£40.00
Author: Melanie Gibson
About the Book:
Many books have been written on Frederic Leighton, but this is the first to explore his activities as traveller and collector; uncovering the story of how he travelled, where he stayed and how he acquired the artworks that went into the making of what has been called ‘the most beautiful room in London’. This lavishly decorated space, with its golden dome and tiles from Damascus and Iznik, was hailed as an extraordinary creative and artistic triumph from the moment of its first public unveiling in 1881, with one visitor described it as ‘quite the eighth wonder of the world’. It continues to astonish, delight and inspire today.

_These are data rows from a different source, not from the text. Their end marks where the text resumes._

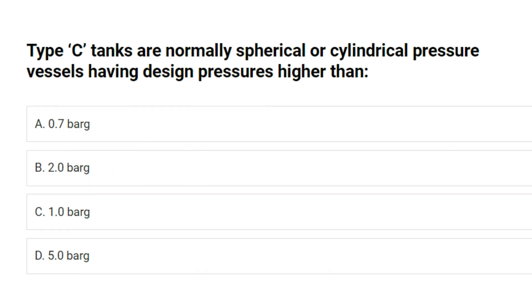Type C tanks are normally spherical or cylindrical pressure vessels having design pressures higher than: A. 0.7 barg. B. 2.0 barg. C. 1.0 barg. D. 5.0 barg. Answer: B. 2.0 barg.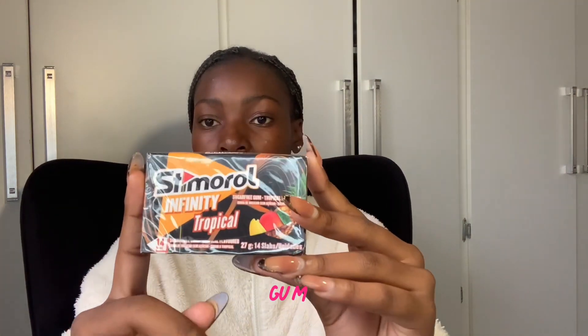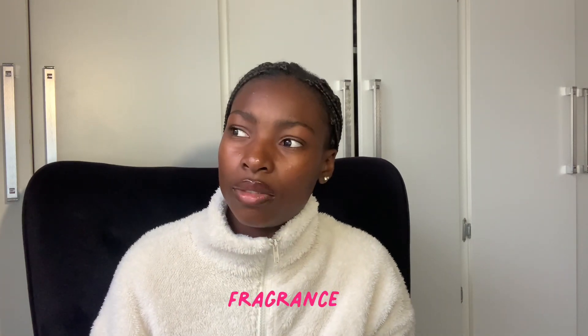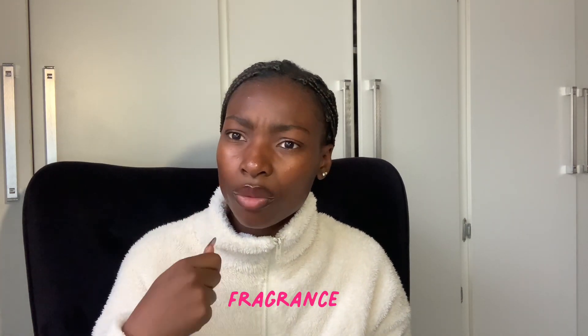I also have Tropical Steamroller gum. You kind of need gum sometimes — just to have fresh breath at school. You don't want bad breath.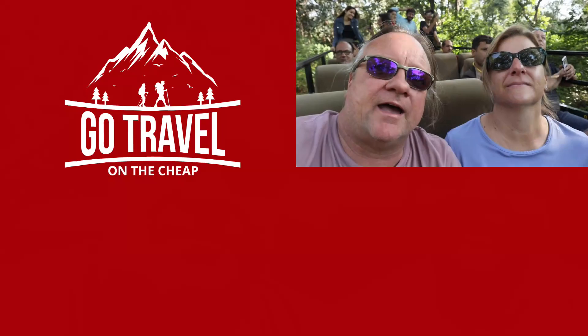We want to thank you guys for watching our video all the way to the end. If you would, hit that subscribe button, share it with a friend, and as always, thank you for living life.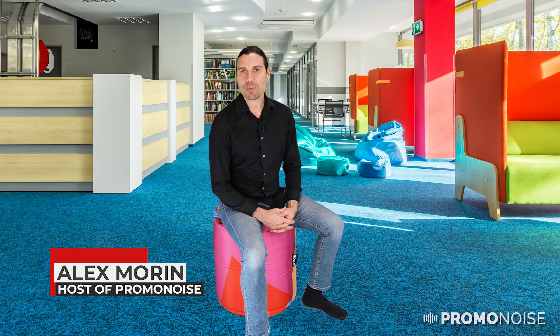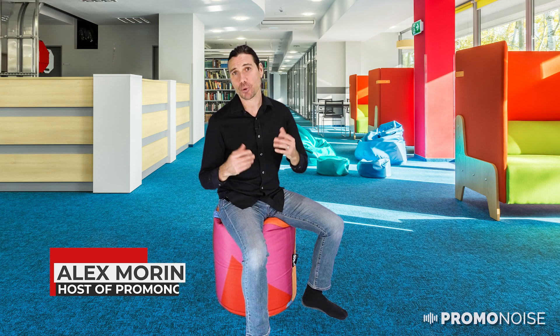Hello, I'm Alex from PromoNoise, and I want to share a quick story with you. Just the other day, I was in a shared workspace, and in this shared workspace were a whole bunch of cubicles in which anybody could come along, plug in their laptop, and work away.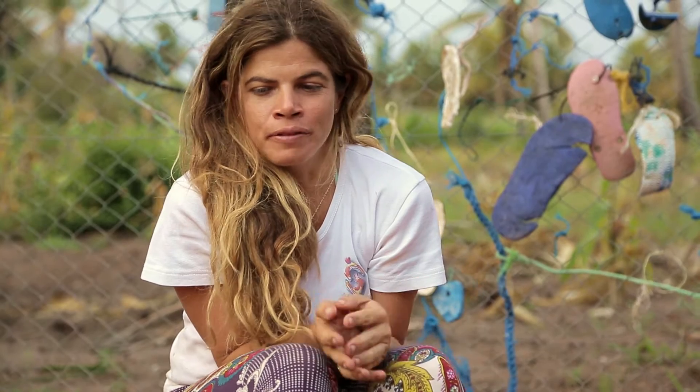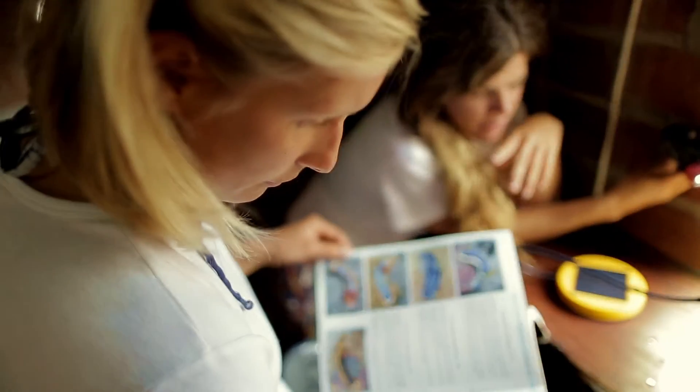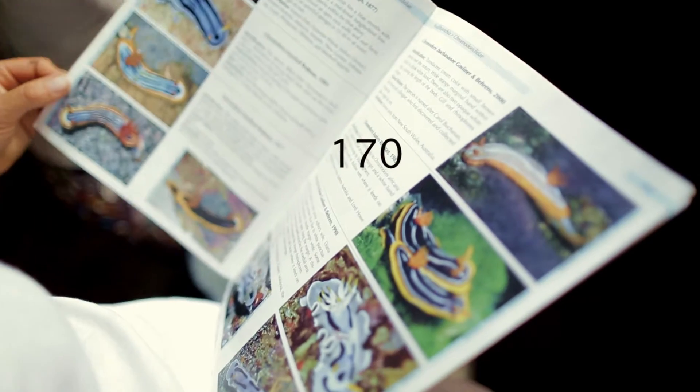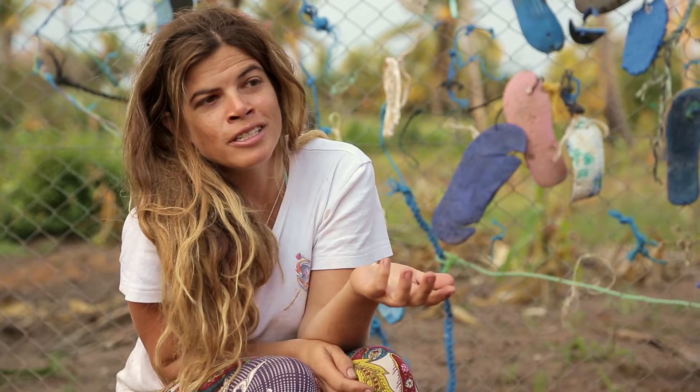The diversity of nudibranch that we have here was really amazing. We have found about 230 species of sea slugs, and from that, 170 are nudibranch. There are lots of animals that we didn't even know existed.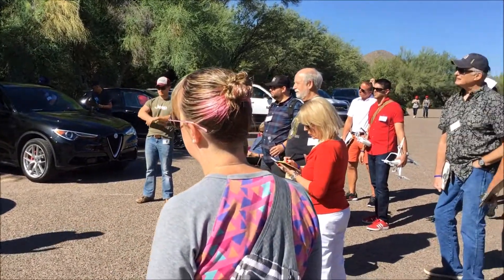Cruising around in the Alfa Romeo Stelvio today out at the Saguaro Lake area in Arizona. Beautiful way to spend a Friday.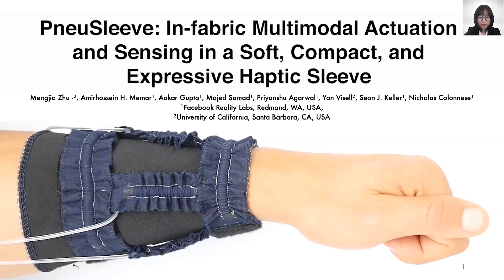Hi everyone, thanks for your interest in our research. My name is Meng Jia and I'm a PhD candidate from UC Santa Barbara. It is my honor to present our research on NewSleep. This work was conducted with Facebook Reality Labs and I really appreciate the valuable support I received from all my co-authors.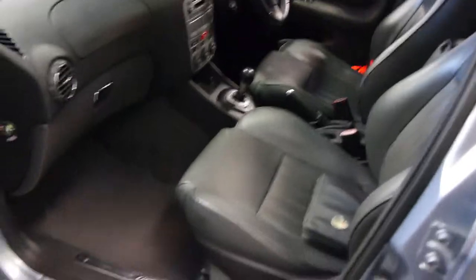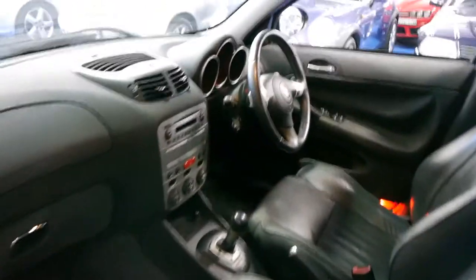The leather really is like new. There are a few marks around the car, as you'd expect for a car of this age. The air conditioning's nice and cold, and I just think these are fantastic value for money now.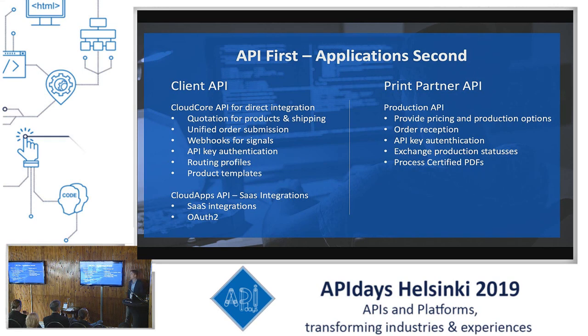At the client side, we have the Cloud Core API, which was the very first API that we built and which is for simple, easy and direct integration with our platform. It allows for all major fundamental services such as the quotation of products, order submission, webhooks for status signals, API key authentication, and we included a lot of routing profiles and product templates. We recently launched the Cloud Apps API, which is used for third-party integration and for which we use open authorization.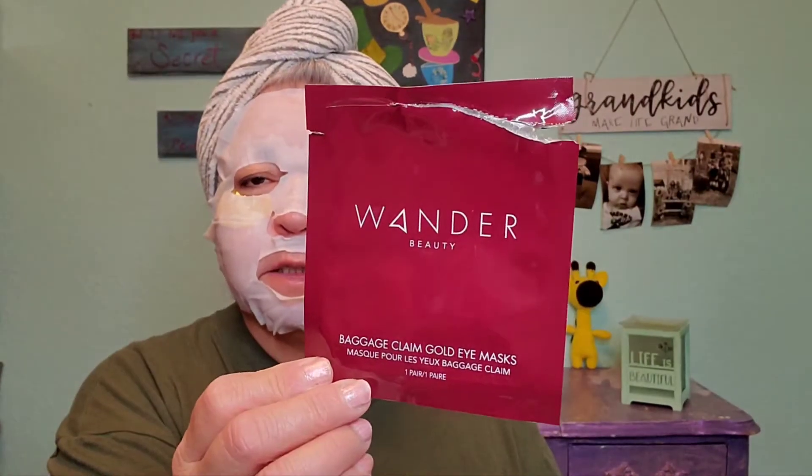I'm going to start with what I am wearing. I am wearing one of my absolute favorites — the Wonder Beauty Baggage Claim Gold Eye Masks. I'm also wearing the Pearlis Blue Lotus Seaweed Treatment Sheet Mask.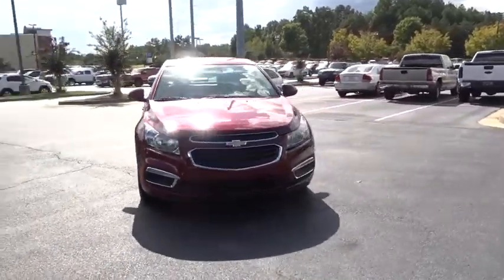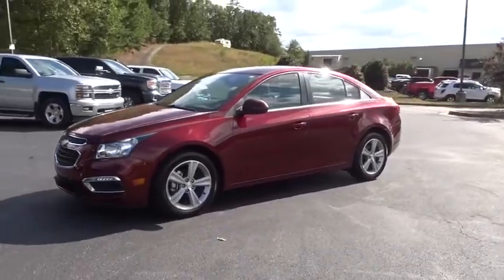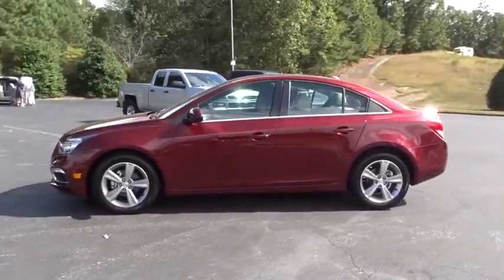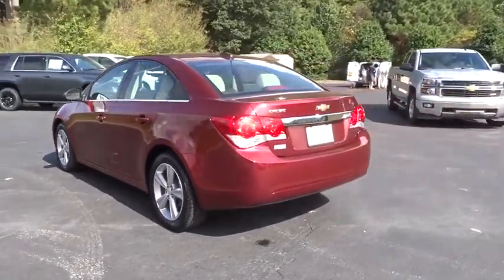Stop by and take a look at the 2016 Chevrolet Cruze. The Cruze Blueprint calls for more than you'd expect. This vehicle has less than 40,000 miles. Here are some of this vehicle's great options.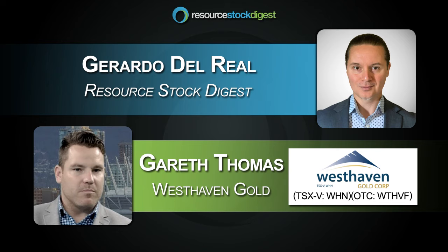Looking forward to it. Let's see if we're not closer to $2,000 gold the next time you and I chat. Let's hope. All right, Gareth. Chat soon. Thanks again. Thanks, Gerardo.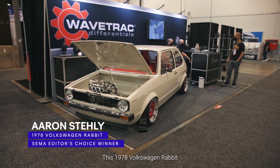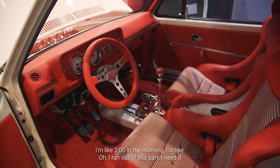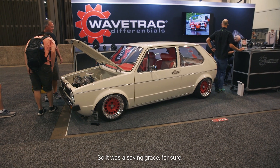This 1978 Volkswagen Rabbit has been 11 years in the process. It's so convenient — I pull out my phone, the app, at 2 o'clock in the morning. I'm like, I ran out of this part, I need it. Let's look on eBay and find it. So it was a saving grace for sure.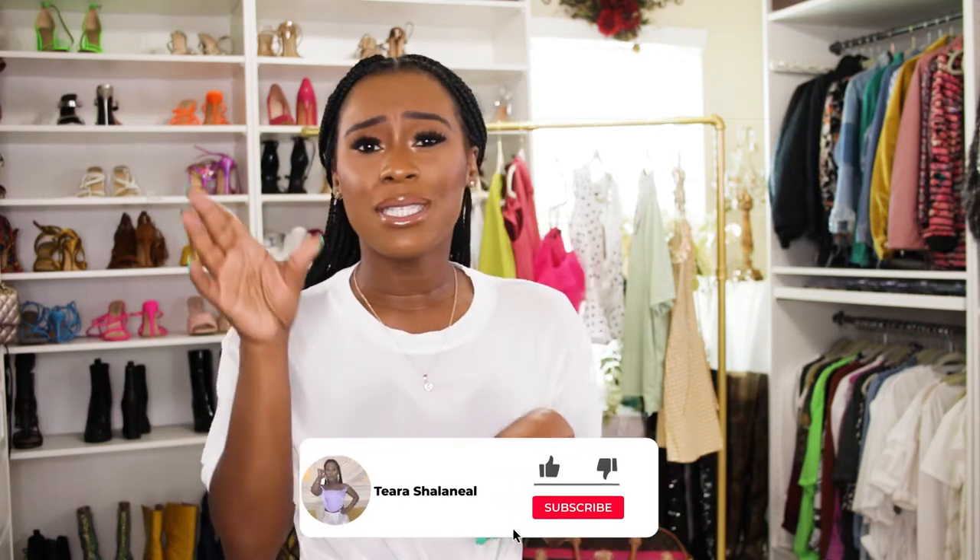Hello my queens, how y'all doing today? I hope y'all doing well because I am doing fine, full of energy, full of sass. My name is Tiara Shaylanel if this is your first time here, and I love all things fashion with a little bit of beauty and lifestyle. Make sure you guys go ahead and like, comment, subscribe, turn those notification bells on, and follow me on Instagram at Tiara Shaylanel to see when I post cute looks. We spread love and not hate here, so let's get into the fun part of this video.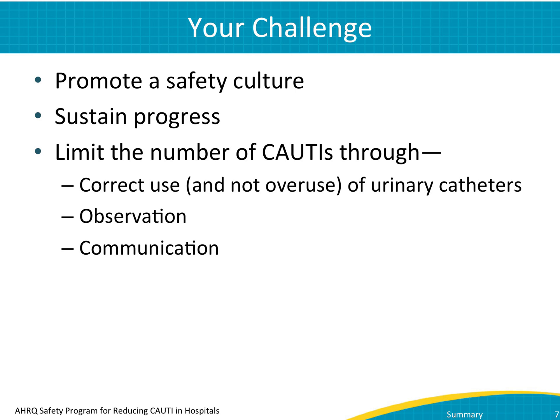Above all, remember that you can limit the number of CAUTIs directly through a few key ways. Use urinary catheters correctly. Avoid overuse. Observe what happens in your unit and how catheters are used. Step in to make sure they are used correctly. Communicate with others from both inside and outside your unit. You can make a difference in CAUTI reduction and elimination.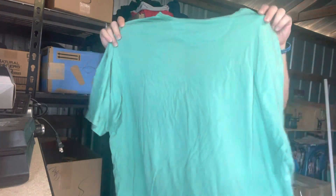Next up, Columbia — bread and butter. Especially if it's PFG, it always does extremely well for me. I posted this about a week ago for twelve dollars and it sold at full asking. Easy to sell, great brand.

The Arab Hall details the history of these rooms, and the role played in their creation by such figures as Leighton’s architect George Aitchison; the ceramicist William De Morgan and the designer Walter Crane; by Owen Jones, interior designer for the Great Exhibition of 1851; by Arthur Liberty, founder of the store that still bears his name, and by such fascinating ‘extras’ as the explorer and writer Richard Burton and his wife Isabel, and the garden designer Gertrude Jekyll, one of whose earliest commissions was to make cushions for a seat from which Leighton could admire his tiled walls. This volume also includes a complete translation of the inscriptions in the Arab Hall by Hidaya Abbas, and selections from Leighton’s correspondence with Val Prinsep.
About the Author:
Dr. Melanie Gibson, BA (Oxon) MA, PhD (SOAS, London University) is a well-known authority on Middle Eastern ceramics, writing and lecturing on them worldwide. Having studied Arabic at Oxford University, where her interest in the history of the ceramics of the Islamic world began, she gained her doctorate at SOAS, University of London. From 2013 to 2016 she was head of the Art History department at the New College of the Humanities, London, and from 2006 to 2017, the convenor and course tutor of the Arts of the Islamic World module in the Postgraduate Diploma in Asian Art at SOAS. A Council Member of the Oriental Ceramic Society, she is also an Executive Trustee of Gingko and Editor of the Gingko Art Series, and a Trustee of the Friends of Leighton House, where she first became fascinated by the history behind the creation of The Arab Hall.